#### [What this task involves]
Leave the pictures out, and repeat exactly every line from the one with "Huzurlu sokak, Matera" through the end of the data below.

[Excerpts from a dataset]
########

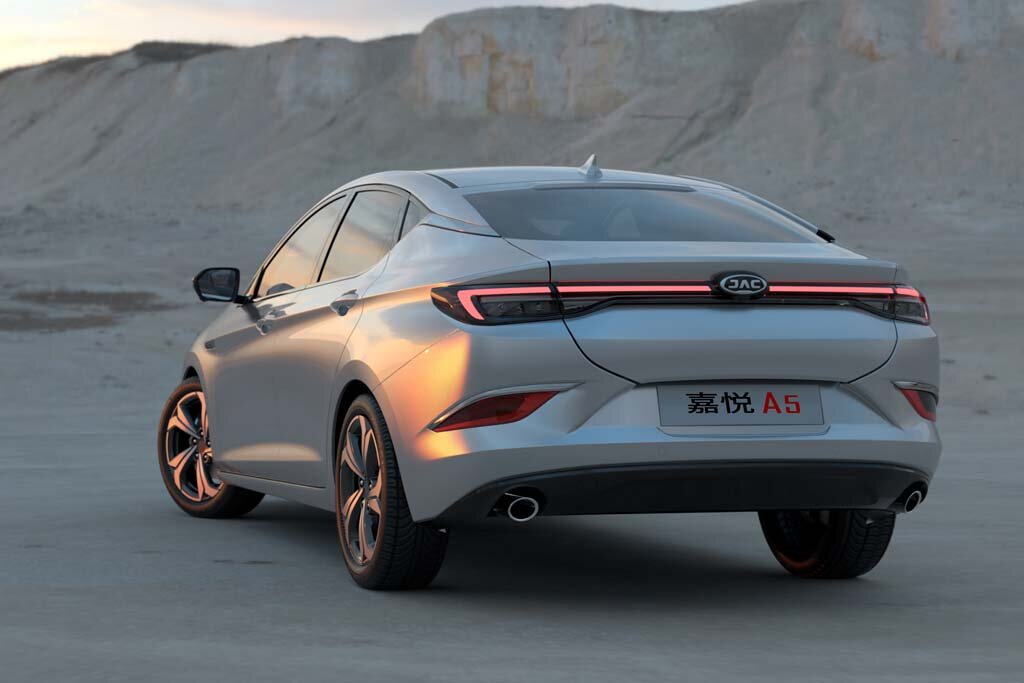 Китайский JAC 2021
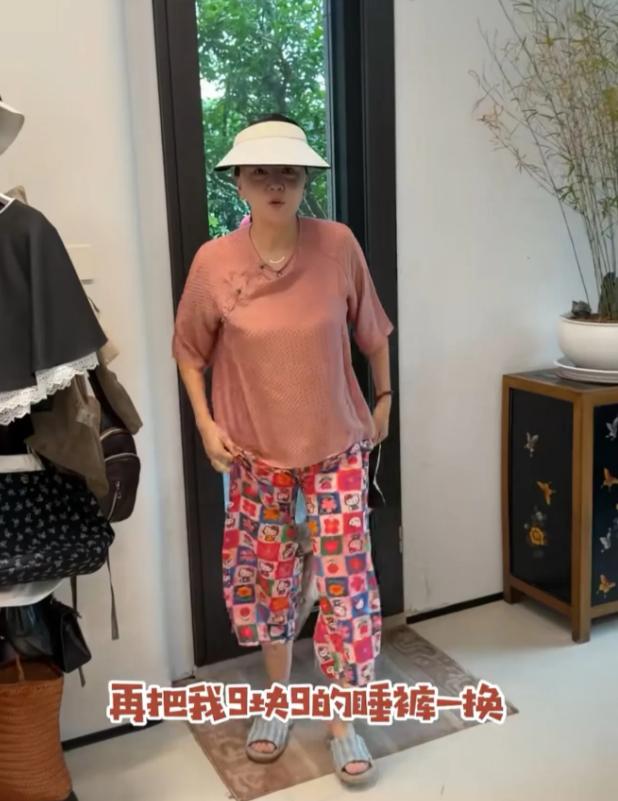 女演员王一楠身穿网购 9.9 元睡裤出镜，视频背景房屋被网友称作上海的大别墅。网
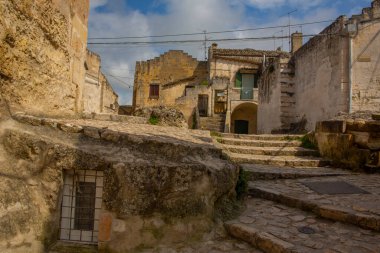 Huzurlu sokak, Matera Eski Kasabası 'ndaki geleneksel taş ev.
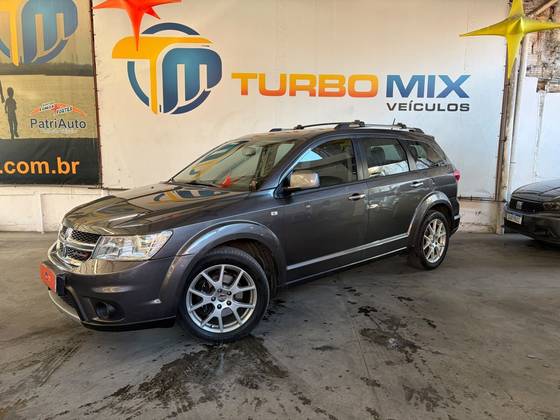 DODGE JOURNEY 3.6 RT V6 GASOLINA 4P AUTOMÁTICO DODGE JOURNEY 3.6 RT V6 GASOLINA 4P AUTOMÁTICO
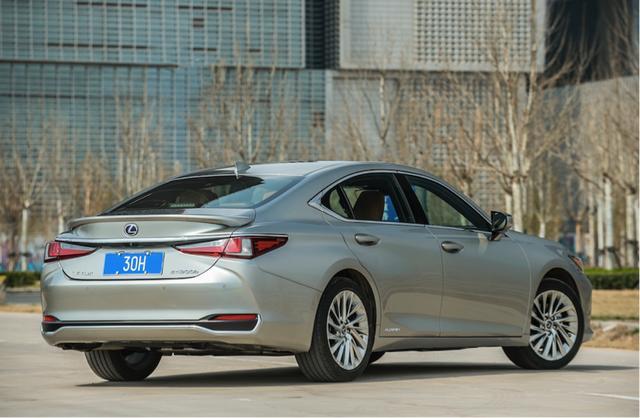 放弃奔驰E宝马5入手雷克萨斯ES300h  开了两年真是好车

########

#### [Exercise result]
 Huzurlu sokak, Matera Eski Kasabası 'ndaki geleneksel taş ev.
 DODGE JOURNEY 3.6 RT V6 GASOLINA 4P AUTOMÁTICO DODGE JOURNEY 3.6 RT V6 GASOLINA 4P AUTOMÁTICO
 放弃奔驰E宝马5入手雷克萨斯ES300h  开了两年真是好车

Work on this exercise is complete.